Line by line, repeat the material below exactly and skip the images.

_Source data_

╭──

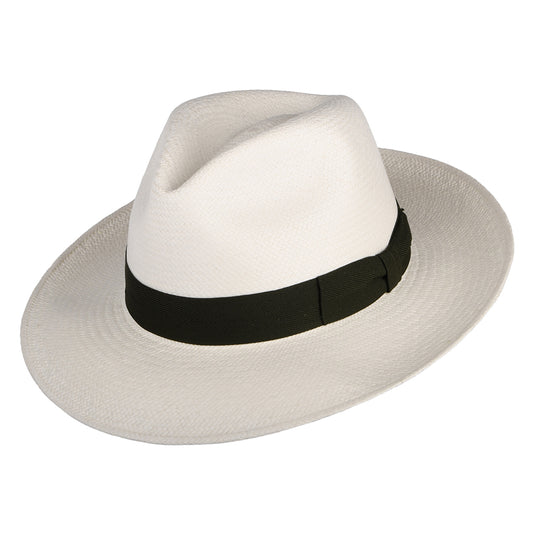 Failsworth Panama Fedora Hut mit heruntergeklappter Krempe - Perlweiß-Olivgrün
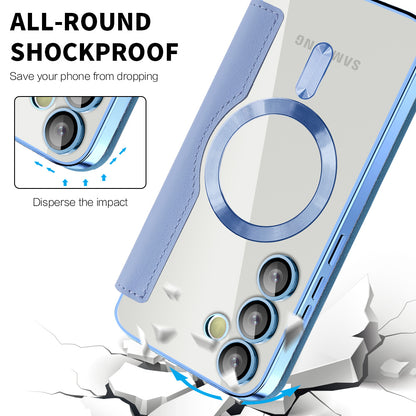 Coque MagSafe pour Samsung Galaxy S24 S921, Techsuit, SmartMag Book, Bleu
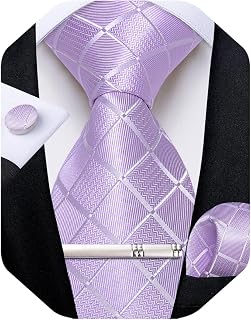 DiBanGu Mens Silk Plaid Tie and Pocket Square Set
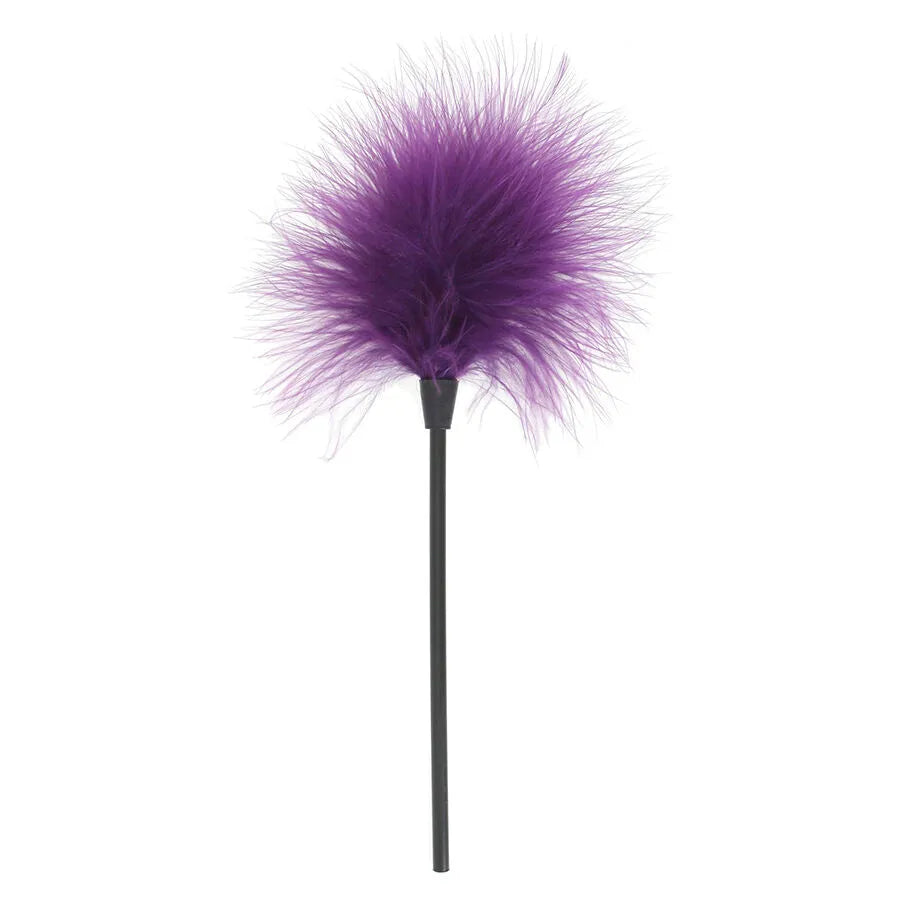 Plumeau érotique violet avec manche noir, accessoire du Coffret Cadeau Érotique ToyJoy, design séduisant et festif.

╰──

_Task output_
 Failsworth Panama Fedora Hut mit heruntergeklappter Krempe - Perlweiß-Olivgrün
 Coque MagSafe pour Samsung Galaxy S24 S921, Techsuit, SmartMag Book, Bleu
 DiBanGu Mens Silk Plaid Tie and Pocket Square Set
 Plumeau érotique violet avec manche noir, accessoire du Coffret Cadeau Érotique ToyJoy, design séduisant et festif.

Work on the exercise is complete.